**WHAT YOU ARE ASKED TO DO:** With the string "Cotton" as the filter, copy each matching line from the records.

**MATERIALS PROVIDED:**
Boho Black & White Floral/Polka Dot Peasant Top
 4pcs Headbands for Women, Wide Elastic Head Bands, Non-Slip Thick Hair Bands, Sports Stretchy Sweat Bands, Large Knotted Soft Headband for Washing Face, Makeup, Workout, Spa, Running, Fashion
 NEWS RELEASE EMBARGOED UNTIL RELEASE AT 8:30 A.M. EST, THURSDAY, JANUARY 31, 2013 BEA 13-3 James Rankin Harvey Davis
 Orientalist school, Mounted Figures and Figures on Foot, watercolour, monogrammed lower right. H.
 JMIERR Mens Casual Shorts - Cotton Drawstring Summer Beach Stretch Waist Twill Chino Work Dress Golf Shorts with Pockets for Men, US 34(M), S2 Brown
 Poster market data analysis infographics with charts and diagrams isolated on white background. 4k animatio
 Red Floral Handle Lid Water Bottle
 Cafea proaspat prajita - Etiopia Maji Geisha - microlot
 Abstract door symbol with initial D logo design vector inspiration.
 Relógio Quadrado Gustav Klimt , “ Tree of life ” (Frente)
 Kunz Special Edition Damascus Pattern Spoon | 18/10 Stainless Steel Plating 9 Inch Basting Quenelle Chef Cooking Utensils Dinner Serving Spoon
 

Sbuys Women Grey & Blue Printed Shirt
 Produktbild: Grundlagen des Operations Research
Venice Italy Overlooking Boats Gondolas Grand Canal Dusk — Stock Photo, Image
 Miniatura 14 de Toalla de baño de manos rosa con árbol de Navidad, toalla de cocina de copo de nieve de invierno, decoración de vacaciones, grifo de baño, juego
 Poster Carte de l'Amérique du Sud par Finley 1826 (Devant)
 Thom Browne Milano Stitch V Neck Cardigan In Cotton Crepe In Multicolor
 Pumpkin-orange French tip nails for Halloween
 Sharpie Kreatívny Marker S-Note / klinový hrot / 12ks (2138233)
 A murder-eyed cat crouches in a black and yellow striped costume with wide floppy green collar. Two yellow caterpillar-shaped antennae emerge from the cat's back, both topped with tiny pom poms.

**RESULT:**
 JMIERR Mens Casual Shorts - Cotton Drawstring Summer Beach Stretch Waist Twill Chino Work Dress Golf Shorts with Pockets for Men, US 34(M), S2 Brown
 Thom Browne Milano Stitch V Neck Cardigan In Cotton Crepe In Multicolor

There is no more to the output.